Erickson retired in October 1997 to teach world history at Norwich High School, but was recalled to active duty in March 2003 for Operation Iraqi Freedom and was assigned as the Political Advisor to Major General Ray Odierno, 4th Infantry Division. After six months in Tikrit, Iraq, Erickson returned to civilian life. During his military service, Erickson was awarded the Legion of Merit and the Bronze Star Medal with Oak Leaf Cluster. In 2005, he received a Ph.D. in history at the University of Leeds in the United Kingdom. From 2007 to 2008, Erickson was professor of political science in the Iraqi Ministry of Defense, Baghdad, Iraq. Erickson retired as a full professor of military history after teaching for eight years in the War Studies Department at the Command and Staff College, Marine Corps University in Quantico, Virginia from 2009 to 2017 and is now an independent scholar.
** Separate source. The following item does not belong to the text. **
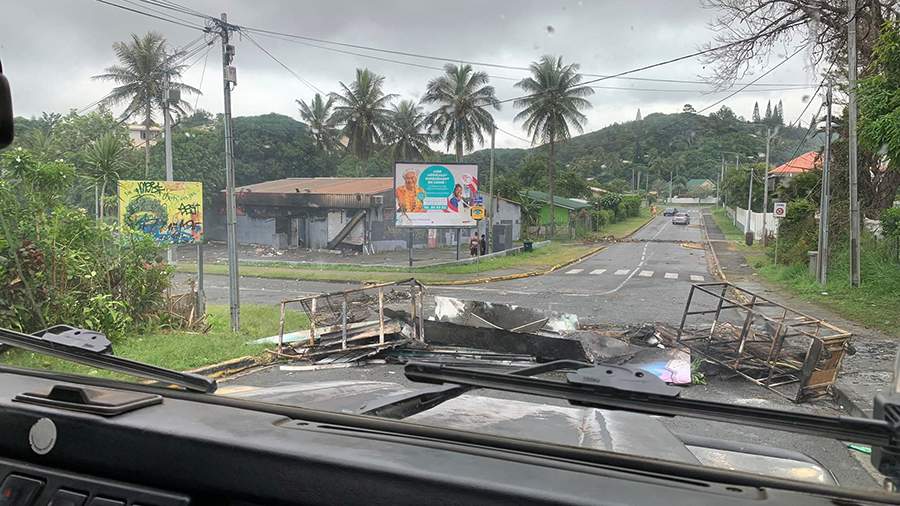 Макрон проведет срочное совещание Совбеза из-за беспорядков в Новой Каледонии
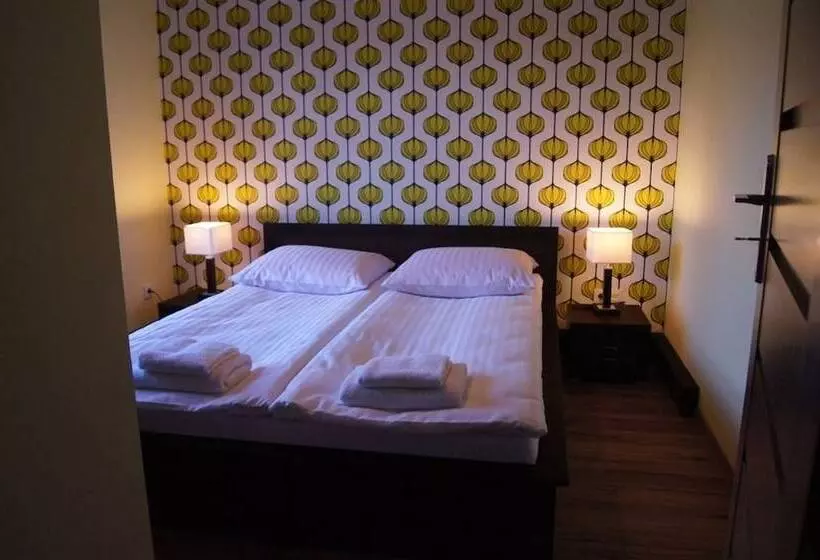 Hotelli Rezydencja Nad Jeziorem   Pestkownica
== Views on the Armenian genocide ==
Erickson claims in various publications that the Armenian genocide relocation of the eastern Ottoman Armenians was a result of a military decision process. In 2004, Vahakn Dadrian published a review of Erickson's Ordered to Die. A History of the Ottoman Army in the First World War in the Journal of Political and Military Sociology, characterizing it as "methodologically contaminated" due to the source material (Turkish military archives) and Erickson's relationship to that material. Erickson responded two years later in a letter to the Journal of Political and Military Sociology, explaining the delay as due to being in Iraq and labeling Dadrian's allegations as "deliberate obfuscations, misquotes, and slanderous comments." The journal did not publish the letter.

Erickson's article on Ottoman military policy was also critiqued in an article published in 2014 in Genocide Studies International for an error concerning Armenian volunteer units that fought with the Russian Army. Erickson claimed that they were made up entirely of Ottoman Armenian citizens who had crossed the border into Russia, a claim that is "flatly contradicted by many sources showing that the four volunteer regiments formed were composed primarily of Russian Armenians." The claim is also contradicted by Erickson's earlier 2001 book.

Richard Hovannisian reads the title of the book Ottomans and Armenians as "clearly indicating that, like the Young Turk dictators in their ideological exclusion of Armenians from true Ottoman society, the author does not regard the Armenians as being bona fide Ottoman citizens but, instead, as an internal alien element". Hovannisian also criticizes the book for factual accuracy, stating "The questionable or spurious assertions made in Ottomans and Armenians are far too numerous to list in their entirety."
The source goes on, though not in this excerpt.